Incarcéré depuis le début de l'année après avoir failli mourir empoisonné en août 2020 et visé par une nouvelle enquête criminelle pour "extrémisme", Alexeï Navalny s'est vu décerner en octobre le prix Sakharov 2021 de défense de la liberté de pensée par le Parlement européen pour son combat "sans répit" pour la démocratie et contre la corruption dans son pays.
Soumission à Poutine
Le président du Parlement, David Sassoli, a réitéré la demande de l'institution d'une "libération immédiate et inconditionnelle" de l'opposant.
"Sous l'argument du pragmatisme, il y a du cynisme, de l'hypocrisie et de la corruption", a critiqué Daria Navalnaya, fustigeant "le désir d'apaiser encore et encore le dictateur, de ne pas le mettre en colère, d'ignorer ses crimes le plus longtemps possible".
Elle s'en est pris aussi à certains politiciens "qui rêvent d'avoir un poste dans un conseil d'administration d'une entreprise de Poutine ou de naviguer sur le yacht d'un oligarque".
"Nous demandons à la communauté européenne de cesser de considérer Poutine comme un égal, comme un leader crédible représentant de notre pays, il ne l'est pas", a ensuite renchéri, lors d'une conférence de presse, Léonid Volkov, proche allié d'Alexeï Navalny.

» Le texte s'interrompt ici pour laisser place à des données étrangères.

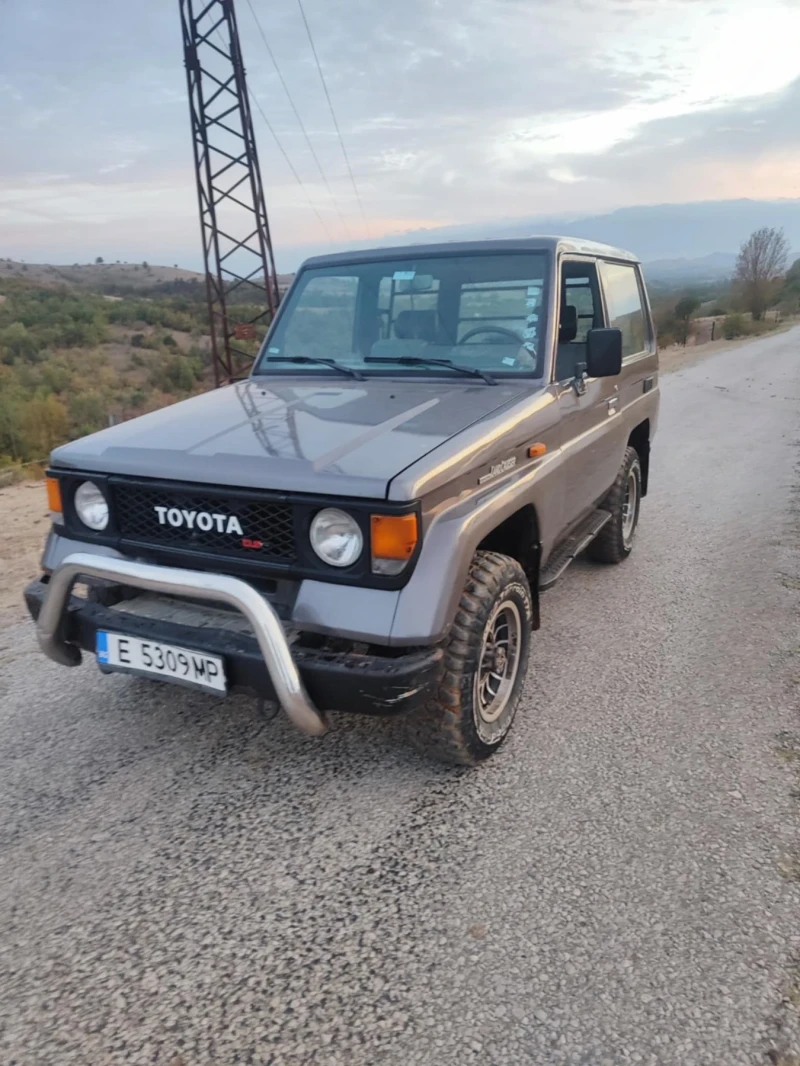 Toyota Land cruiser LJ70 2.4TD, снимка 2 - Автомобили и джипове - 47623546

Qualifiant Alexeï Navalny de "prisonnier personnel" à la merci du président russe, M. Volkov a pointé du doigt le sort de l'ONG Memorial, créée en 1989 par des dissidents soviétiques dont Andreï Sakharov, qui est actuellement menacée de dissolution alors qu'elle s'est imposée comme un inlassable défenseur des droits de l'homme et le gardien de la mémoire du Goulag.
Lancé en 1988, le prix Sakharov "pour la liberté de l'esprit" récompense chaque année des personnes ou organisations défendant les droits de l'Homme et les libertés fondamentales. Il est doté d'une somme de 50.000 euros.
En 2020, il avait été attribué à "l'opposition démocratique" au président Alexandre Loukachenko au Bélarus.